The data

━━━━

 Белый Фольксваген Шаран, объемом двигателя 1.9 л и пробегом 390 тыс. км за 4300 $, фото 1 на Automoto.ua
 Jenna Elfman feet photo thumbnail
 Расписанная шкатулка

━━━━

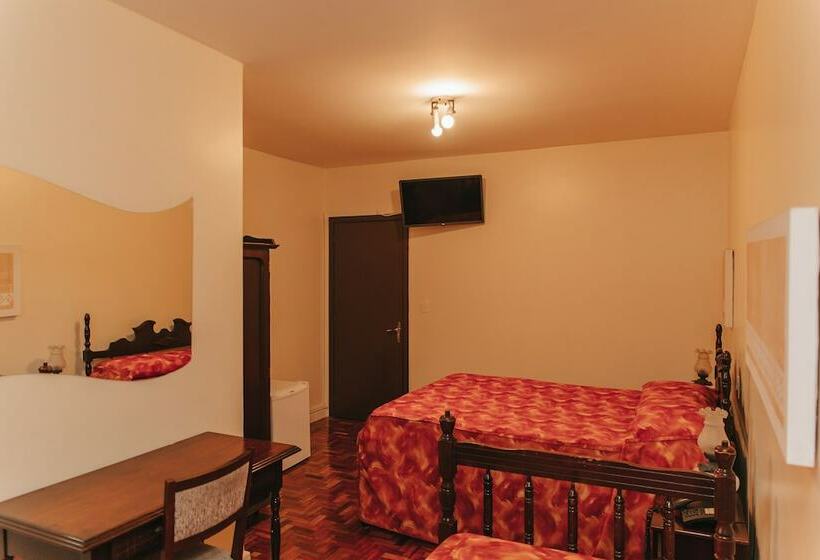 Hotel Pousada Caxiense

━━━━

The task
Above are the entries. Quote exactly the lines from the one bearing "Jenna Elfman feet photo thumbnail" through the one bearing "Расписанная шкатулка".

Response to this task
 Jenna Elfman feet photo thumbnail
 Расписанная шкатулка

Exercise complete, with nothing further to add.